Rappelons que l’article 1729 a. du CGI prévoit l’application d’une majoration de 40 % pour manquement délibéré qui vient sanctionner « les inexactitudes ou les omissions relevées dans une déclaration ou un acte comportant l’indication d’éléments à retenir pour l’assiette ou la liquidation de l’impôt ainsi que la restitution d’une créance de nature fiscale dont le versement a été indûment obtenu de l’État ».

L’élément intentionnel : pierre angulaire de la pénalité
La mise en œuvre de la pénalité de 40 % implique que l’Administration caractérise la « mauvaise foi » du contribuable  qui suppose, en application d’une jurisprudence constante, la réunion de deux conditions : un « élément matériel », l’omission ou l’insuffisance de déclaration et, un « élément intentionnel », l’intention délibérée du contribuable d’éluder l’impôt.

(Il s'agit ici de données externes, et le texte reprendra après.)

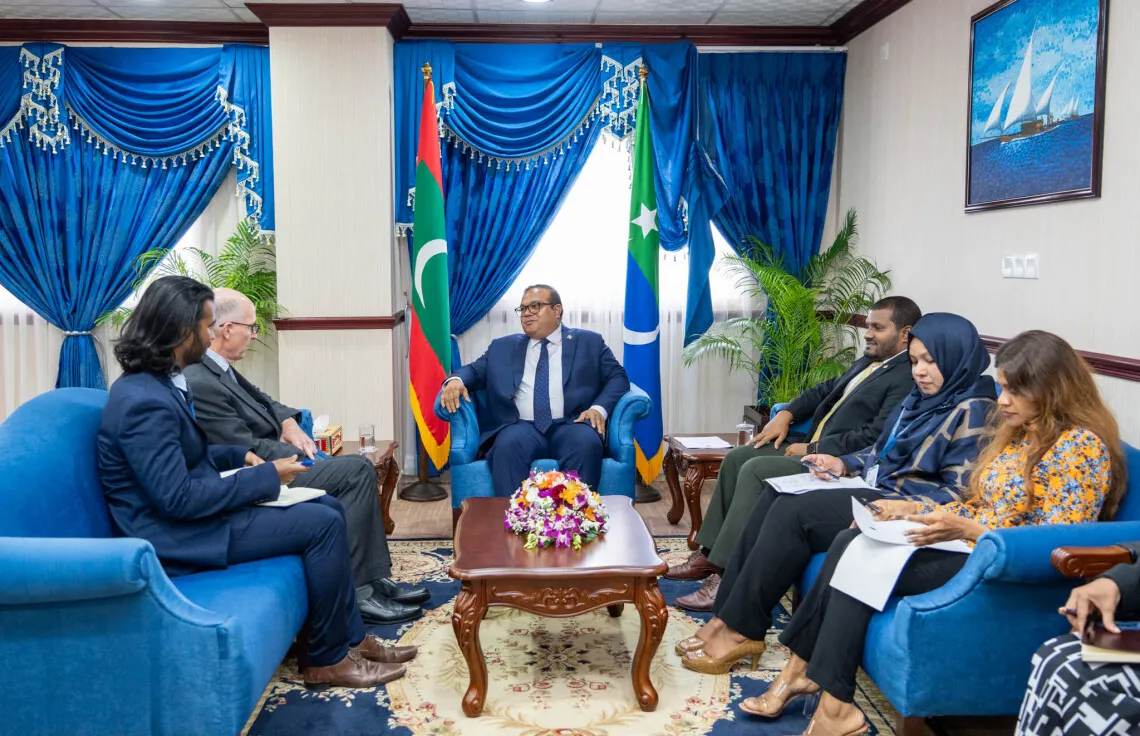 ރާއްޖެއާއި އޮސްޓްރޭލިއާގެ ޤާނޫނު ހަދާ މަޖިލީހުގެ ގުޅުން ވަރުގަދަކުރުމަށް މަަސައްކަތް ކުރާނަން: އަސްލަމް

Si le premier élément, qui découle de la simple constatation de l’omission, ne soulève pas de difficulté, l’élément intentionnel est en revanche plus délicat à définir dès lors qu’il vise à apprécier le comportement du contribuable. Ce dernier critère oblige l’Administration à ne pas se limiter à prendre en considération l’importance des sommes éludées.

Deux arrêts récents de la cour administrative d’appel de Paris  ont ainsi sanctionné l’Administration fiscale au motif que l’intention du contribuable d’éluder l’impôt n’était pas démontrée et que l‘administration fiscale ne pouvait se contenter de se fonder sur l‘importance des minorations de recettes et sur l’absence de conservation des pièces justificatives pour fonder l’application desdites pénalités.

Le comportement du contribuable au moment du contrôle fiscal n’entre pas en ligne de compte

En premier lieu, l’Administration doit, pour établir le caractère intentionnel du manquement du contribuable, se placer au moment de la déclaration ou de la présentation de l’acte comportant l’indication des éléments à retenir pour l’assiette ou la liquidation de l’impôt. Le Conseil d’État a, ainsi, récemment rappelé que le comportement du contribuable lors du contrôle fiscal ne peut constituer en aucun cas un élément permettant de motiver la pénalité de 40 %, seul son comportement au moment du dépôt des déclarations pouvant être pris en compte. Elle doit ensuite démontrer que le contribuable a agi sciemment dans l’intention d’éluder l’impôt.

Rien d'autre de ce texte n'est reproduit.